I was recently reading about the fast inverse square root algorithm, and in one step it uses the approximation $$ \log_2(1+x)\approx x $$ for $x\in[0,1]$. this approximation can be made better by adding a constant term $\mu$ $$\log_2(1+x)\approx x+\mu$$ apparently the optimal constant is $\mu \approx0.043$. I am looking for a derivation of this constant. I tried minimizing a few measurements of error myself, however I never got the expected value.
Any help would be appreciated.
Here we'll compute the best uniform approximation by a constant $\mu$ of $f(x) := \log_2(1+x) - x$ on $0 \leq x \leq 1$, that is $f(x) \approx \mu$. The shape of $f$ shows that, for any constant $c$, $f - c$ will have three extrema, two at the endpoints and one internal. With the approximation $f \approx \mu$, the error at both endpoints is $-\mu$ and at the (unknown) internal point $\xi$, $\log_2(1+\xi) - \xi - \mu$.

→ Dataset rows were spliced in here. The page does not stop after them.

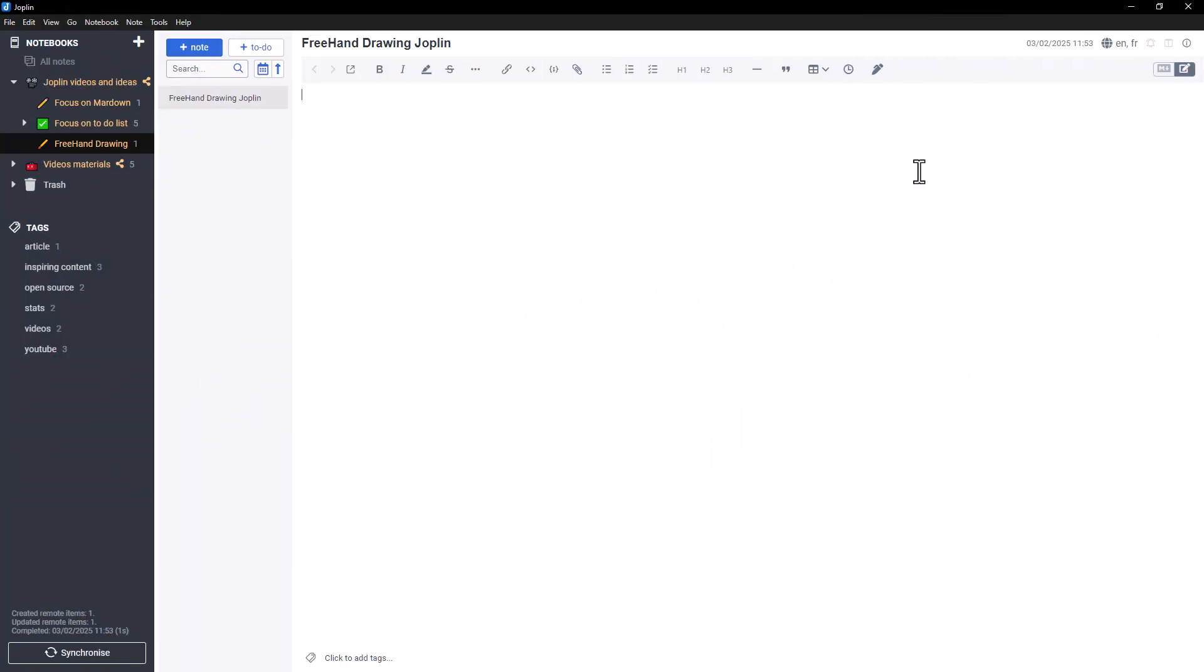Hello everyone! Today, I'm going to introduce you to a Joplin feature, Freehand Drawing. It's the perfect tool for adding diagrams and drawings to your notes.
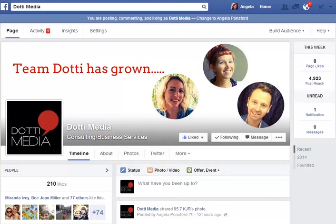Hi, this is Angela from Dotti Media and this is just a quick video to show you how to change the language that you use on Facebook.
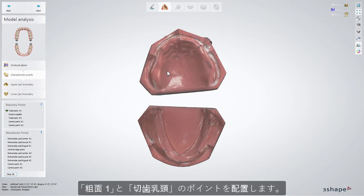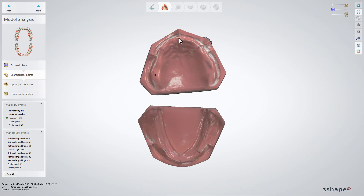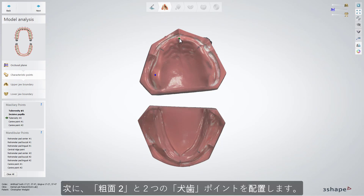Select the tuberosity, then the incisive papilla, the second tuberosity, and two canine points.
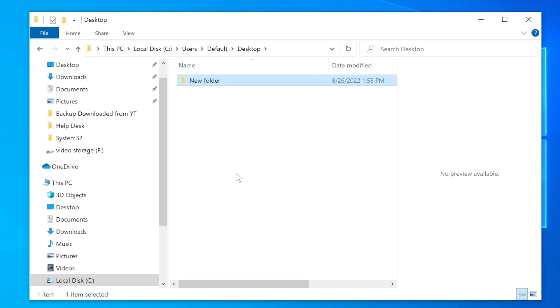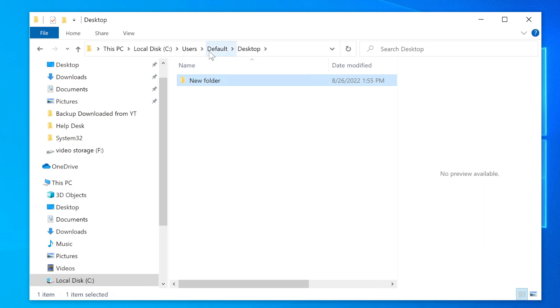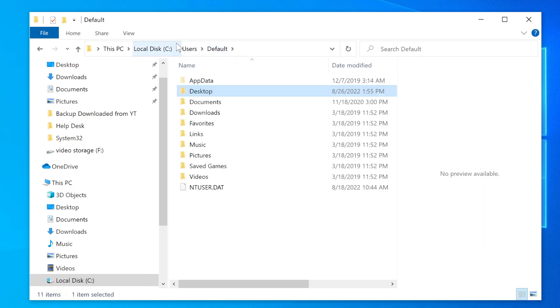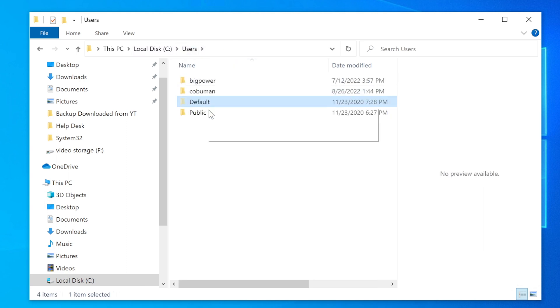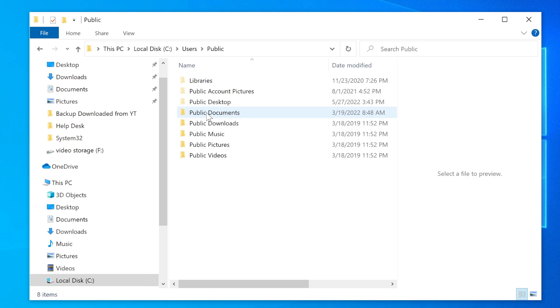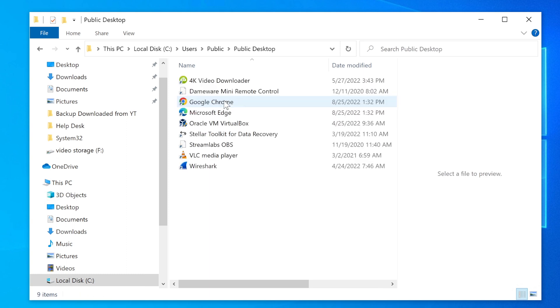Every new person by default who logs into this computer will have this folder inside of there as well. If I go back to users and I look at public and I do the same thing, this basically is the place where all the shortcuts are placed immediately.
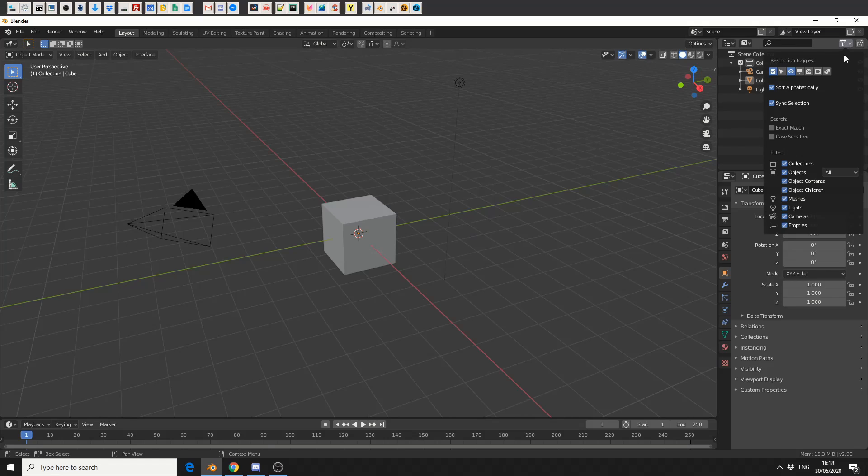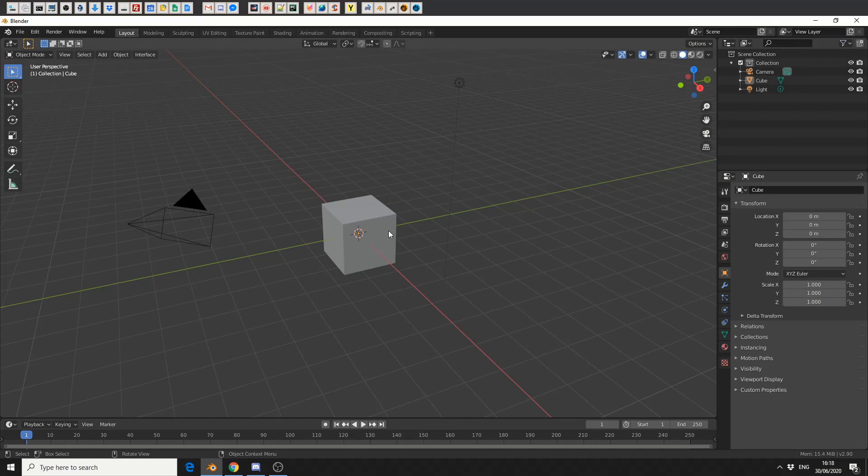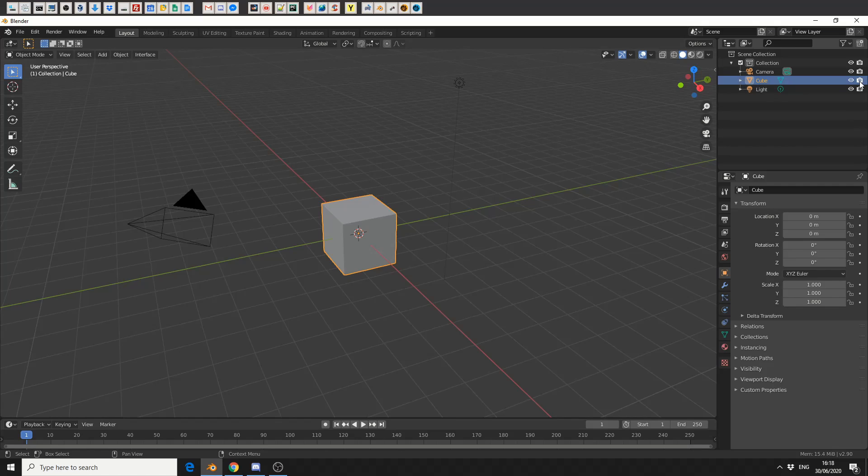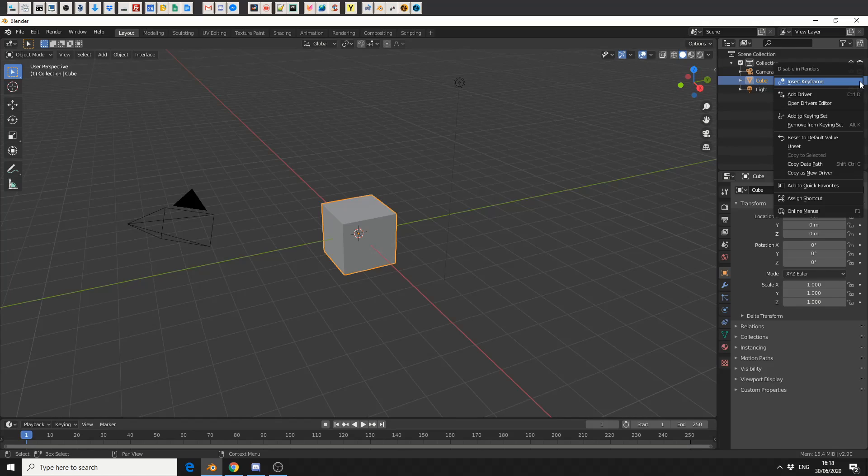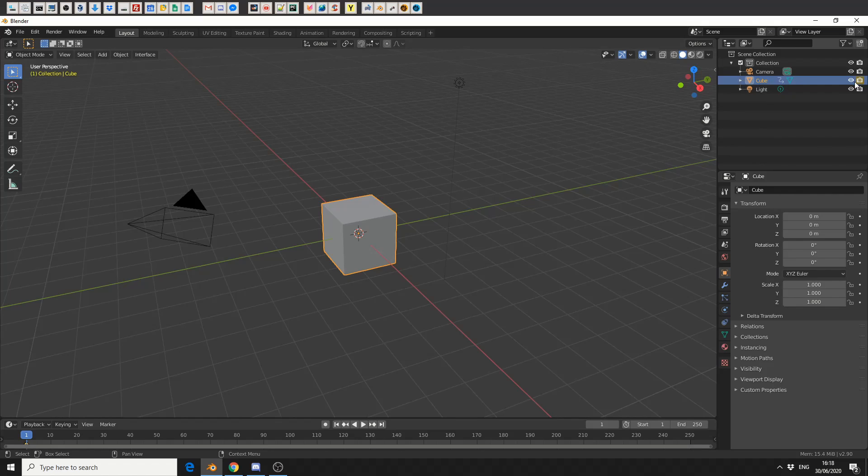So what I'm going to do here is I'll come up to the filters and I'll enable disable and renders so I can see it here. I'll select the cube on frame 1, I can right-click on the camera and insert a keyframe.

By the equioscillation theorem, the best approximation has extrema equal in magnitude but of alternating signs, in this case: \begin{equation*} \log_2(1 + \xi) - \xi - \mu = (-1)(-\mu), \end{equation*} thus $\mu = \frac{1}{2}\log_2(1 + \xi) - \frac{1}{2}\xi$. The internal extremum occurs where the derivative of $f(\xi) - \mu$ vanishes, and a bit of calculation shows this is at $\xi = 1/\log 2 - 1$. From this we get $\mu = 0.043035666$.